I don't care to type celebrities.


----------



## newbie const (Nov 26, 2015)

Entropic said:


> I don't care to type celebrities.


Why?Because they wear a facade?I also dont..But Che didnt wear a facade..his actions revealed his true mentality..dont you agree?


----------



## Entropic (Jun 15, 2012)

newbie const said:


> Why?Because they wear a facade?I also dont..But Che didnt wear a facade..his actions revealed his true mentality..dont you agree?


Because I don't see the point since it becomes a matter of speculation. I think enneagram is more personal and for your own self discovery. I keep seeing people claiming that a person doesn't seem like X type or is rather Y over the current person's self typing and at some level it just becomes pure arrogance. I don't do it anymore because it's pointless since you have no clue how accurate you even are or what exactly you are typing.


----------



## Remcy (Dec 19, 2011)

He seemed like a gut type first to me, and not a reactive core. 1w9 4w5 6w7 sx/so. ENFP

His buddy Fidel - 8w7 7w6 4w3 so/sp. ENFP as well.


----------



## newbie const (Nov 26, 2015)

Remcy said:


> He seemed like a gut type first to me, and not a reactive core. 1w9 4w5 6w7 sx/so. ENFP
> 
> His buddy Fidel - 8w7 7w6 4w3 so/sp.
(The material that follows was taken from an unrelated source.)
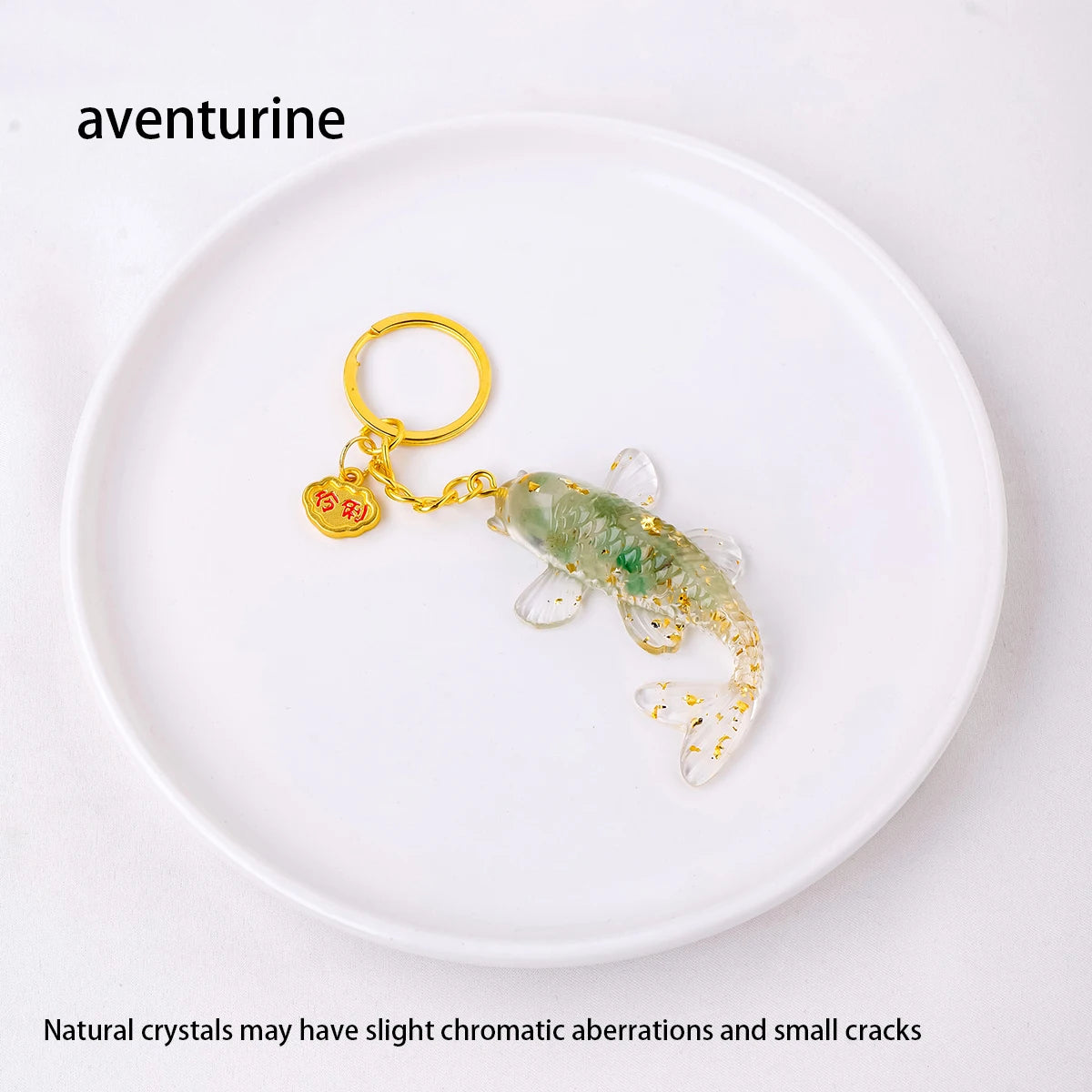 1PC Natural Gem Stone Keychains Dropper Resin Fish Amethyst Key Chain For DIY Car Key Rings Chains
ENFP as well.


Explanation please?I have some disagreements though.I can see more 3w4 in Castro than 4w3.And Guevara can be type 1 very easily,but 1w2.Why have you thought 1w9 over 1w2?And seems his image fix is last in the tritype,and yeah,it can be 4w5.But I lean towards 4w3 because it has stronger id-ish presence than more withdrawn 4w5.


----------



## xraydav (Jan 3, 2013)

From what I've heard of him, ENFP makes sense.


----------



## xraydav (Jan 3, 2013)

Swordsman of Mana said:


> yup, cp6w7


That enneatype makes a lot of sense for him, and for many revolutionary leaders like him as well


----------



## Swordsman of Mana (Jan 7, 2011)

AverOblivious said:


> That enneatype makes a lot of sense for him, and for many revolutionary leaders like him as well


from what I've seen, most revolutionary leaders are 1s and 8s. cp6s are more of the "shooting star revolutionaries" who go out in a blaze of glory but seldom stick around for long.


----------



## newbie const (Nov 26, 2015)

Swordsman of Mana said:


> from what I've seen, most revolutionary leaders are 1s and 8s. cp6s are more of the "shooting star revolutionaries" who go out in a blaze of glory but seldom stick around for long.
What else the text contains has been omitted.